We have another installment in our series of favorite blogs from the past. Here is part of a blog from June of 2010. The information is still very valuable.
An online article from FamilyDoctor.org outlines some common symptoms in recognizing dementia.
"Dementia causes many problems for the person who has it and for the person's family. Many of the problems are caused by memory loss. Some common symptoms of dementia are listed below. Not everyone who has dementia will experience all of these symptoms.
- Recent memory loss. All of us forget things for a while and then remember them later. People who have dementia often forget things, but they never remember them. They might ask you the same question over and over, each time forgetting that you've already given them the answer. They won't even remember that they already asked the question.
- Difficulty performing familiar tasks. People who have dementia might cook a meal but
forget to serve it. They might even forget that they cooked it.
Problems with language. People who have dementia may forget simple words or use the wrong words. This makes it hard to understand what they want.
- Time and place disorientation. People who have dementia may get lost on their
own street. They may forget how they got to a certain place and how to get
Poor judgment. Even a person who doesn't have dementia might get distracted. But people who have dementia can forget simple things, like forgetting to put on a coat before going out in cold weather.
- Problems with abstract thinking.

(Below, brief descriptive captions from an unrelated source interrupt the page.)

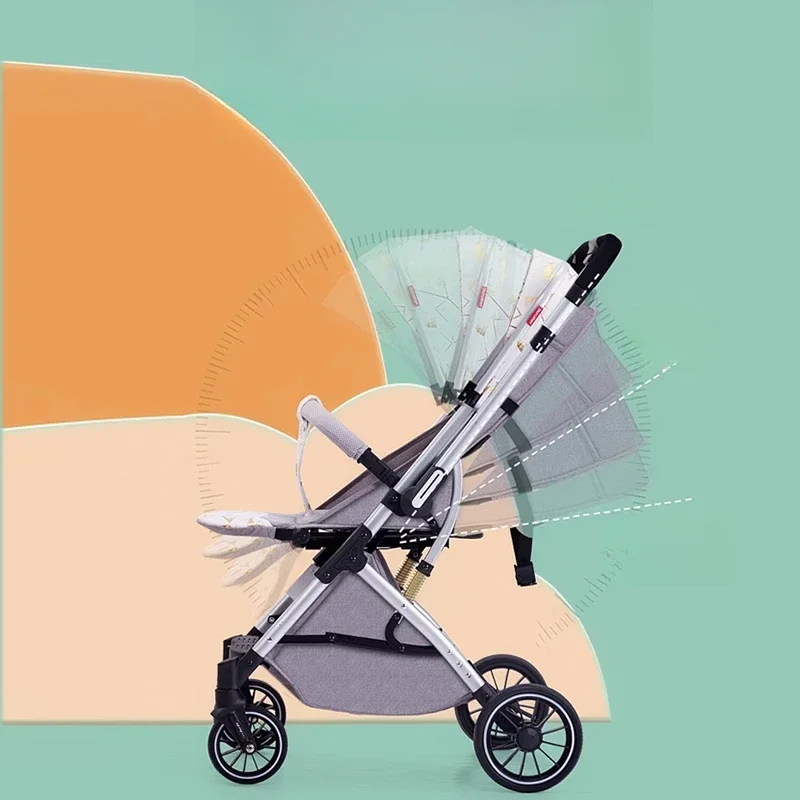 Bi-directional Lightweight Stroller, High Landscape Baby Stroller, Can Sit and Lie Down Walking Baby God Weapon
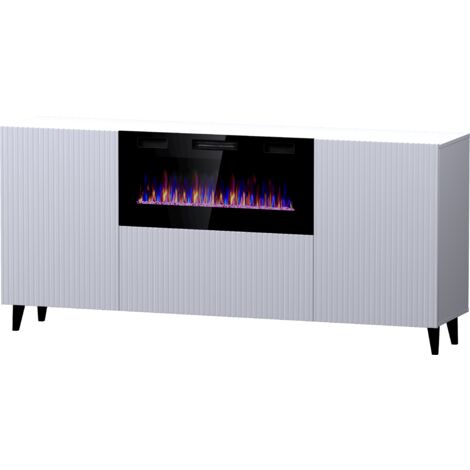 Cómoda PAFOS 180 cm blanco mate + chimenea eléctrica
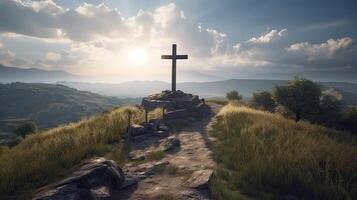 kruis kruisiging van Jezus - houten kruis Bij zonsondergang lucht achtergrond. kruisiging en opstanding concept. generatief ai foto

Anybody might have trouble balancing a checkbook, but people who have dementia may forget what the numbers are and what has to be done with them.

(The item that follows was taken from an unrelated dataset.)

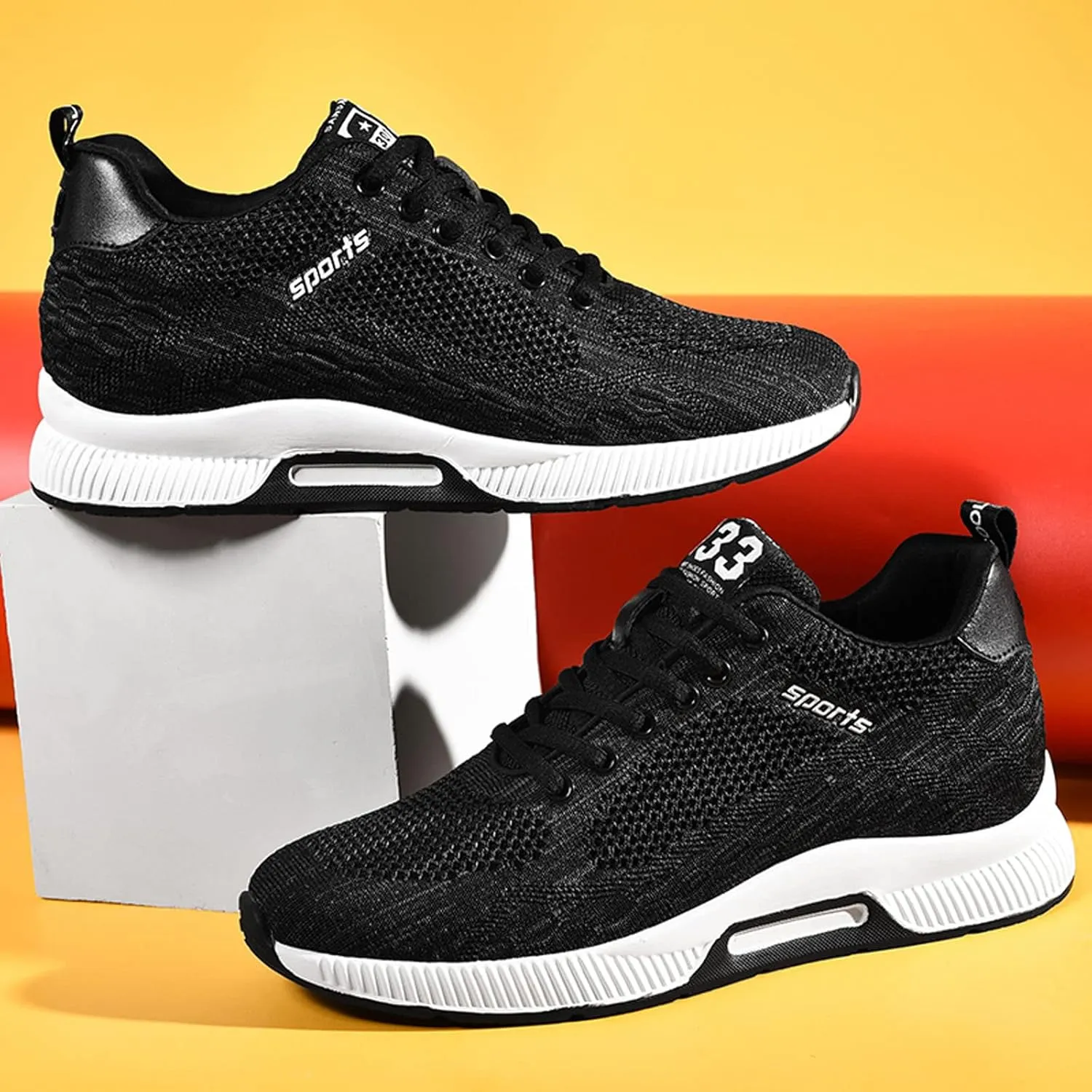 Men's Elevator Sneakers 2.36 Inch Invisible Height Increasing Lace up Fashion Sneakers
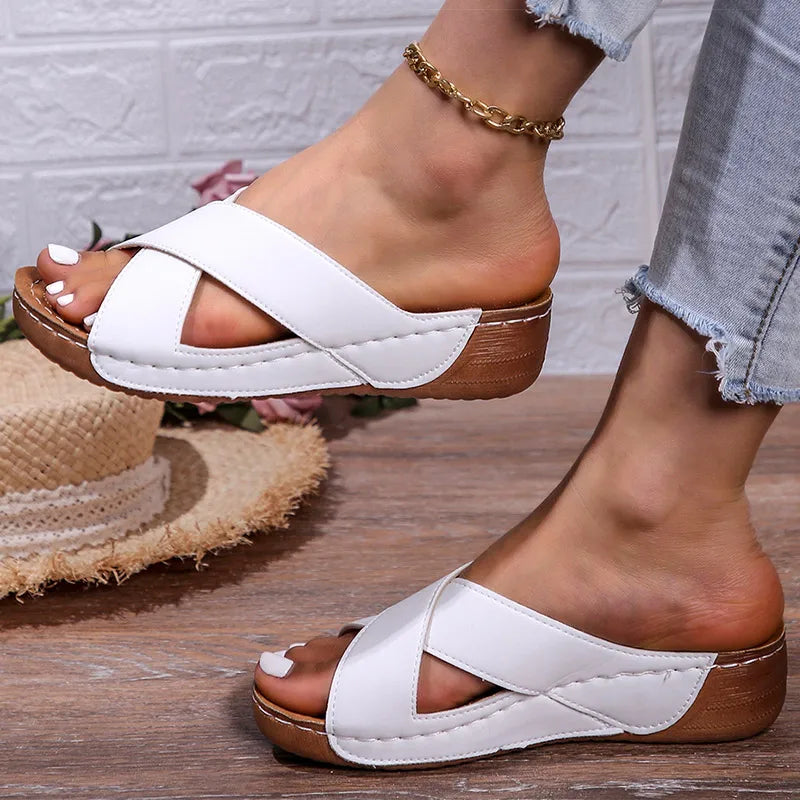 Women Sandals Women Heels Sandals Slip On Summer Shoes For Women Wedge Sandals Summer Slippers Female Heeled Shoes With Platform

- Misplacing things. People who have dementia may put things in the wrong places. They might put an iron in the freezer or a wristwatch in the sugar bowl. Then they can't find these things later.
- Changes in mood. Everyone
is moody at times, but people who have dementia may have fast mood swings,
going from calm to tears to anger in a few minutes.
Personality changes. People who have dementia may have drastic changes in personality. They might become irritable, suspicious or fearful.
- Loss of initiative. People who have dementia may become passive. They might not want to go places or see other people."
Dementia is caused by change or destruction of brain cells. Often this change is a result of small strokes or blockage of blood cells, severe hypothyroidism or Alzheimer’s disease. There is a continuous decline in ability to perform normal daily activities. Personal care including dressing, bathing, preparing meals and even eating a meal eventually becomes impossible.
The Alzheimer’s Organization reports that 5.3 million Americans suffer from Alzheimer’s disease, the most common cause of dementia. They also report that there are 10.9 million unpaid caregivers helping those afflicted by the disease. In 2000, there were an estimated 411,000 new (incident) cases of Alzheimer’s disease. For 2010, that number is projected to be 454,000 new cases; by 2030, 615,000; and by 2050, 959,000. To read the full report, visit www.alz.org.
In the beginning, family members find part time caregivers for their loved one. At first, loved ones need only a little help with remembering to do daily activities or prepare meals. As dementia progresses, caregiving demands often progress to 24 hour care. Night and day become confused and normal routines of sleeping, eating and functioning become more difficult for the patient. The demented person feels frustrated and may lash out in anger or fear. It is not uncommon for a child or spouse giving the care to quickly become overwhelmed and discouraged.